(Collected data Opens)
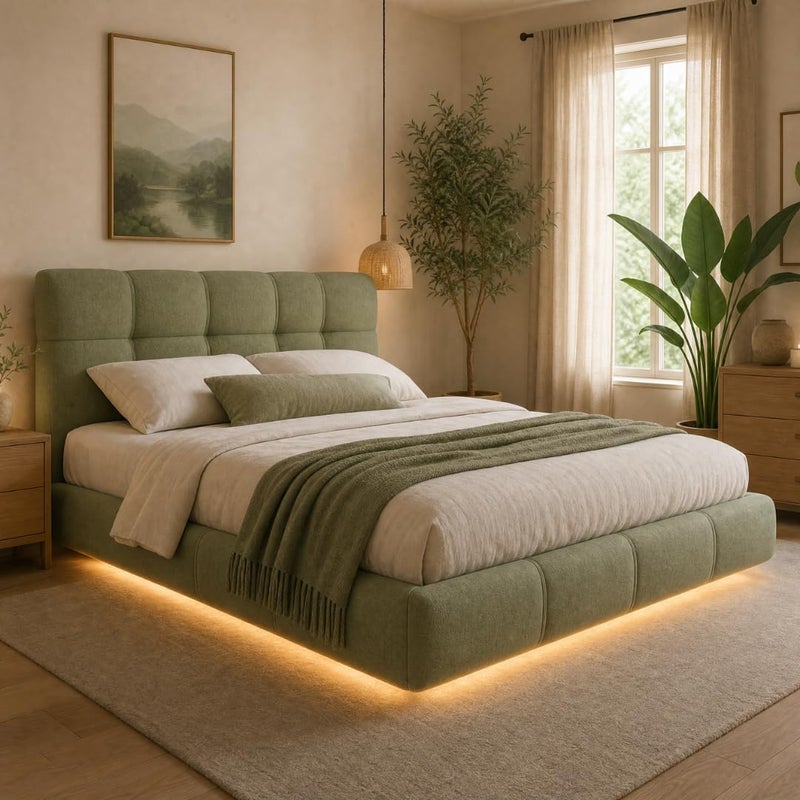 Modern Upholstered LED Floating Bed Frame with Tufted Headboard - Sage Green, Queen Size (160 x 200 cm with Medical Mattress) - Image 1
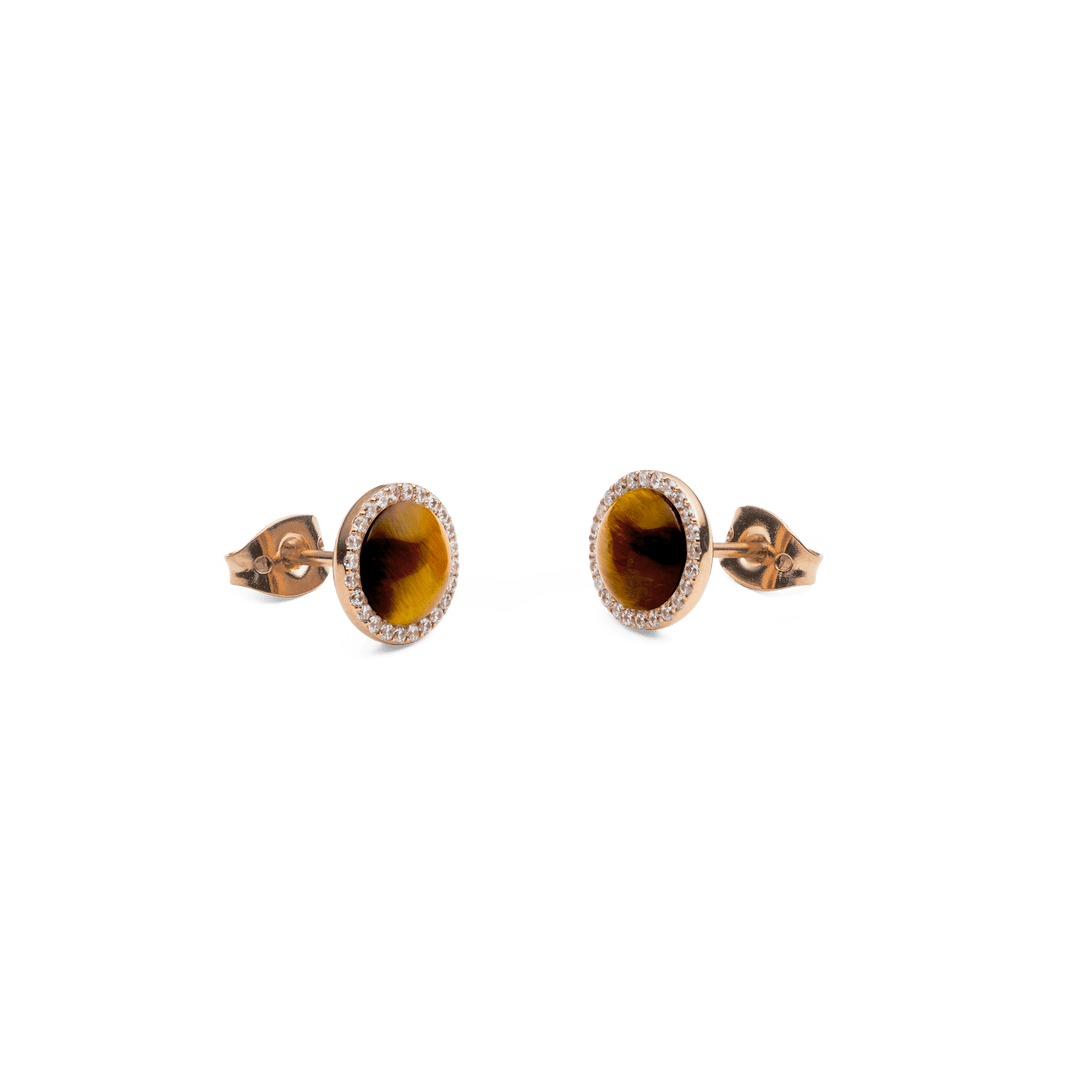Audrey Earrings Tiger Eye Rose Gold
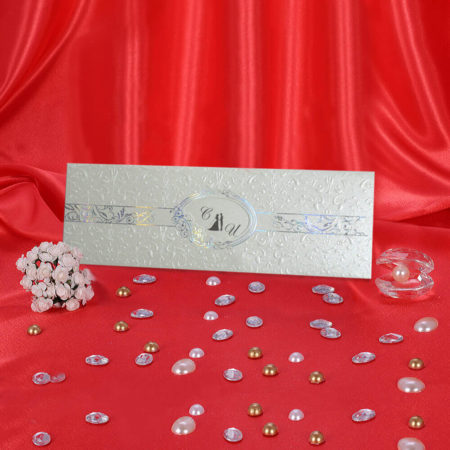luxury silver embossed wedding invitations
(Collected data Closes)
◆ About this exercise
Each line above must be repeated exactly in the answer, with pictures omitted.

◆ Output for this task
 Modern Upholstered LED Floating Bed Frame with Tufted Headboard - Sage Green, Queen Size (160 x 200 cm with Medical Mattress) - Image 1
Audrey Earrings Tiger Eye Rose Gold
luxury silver embossed wedding invitations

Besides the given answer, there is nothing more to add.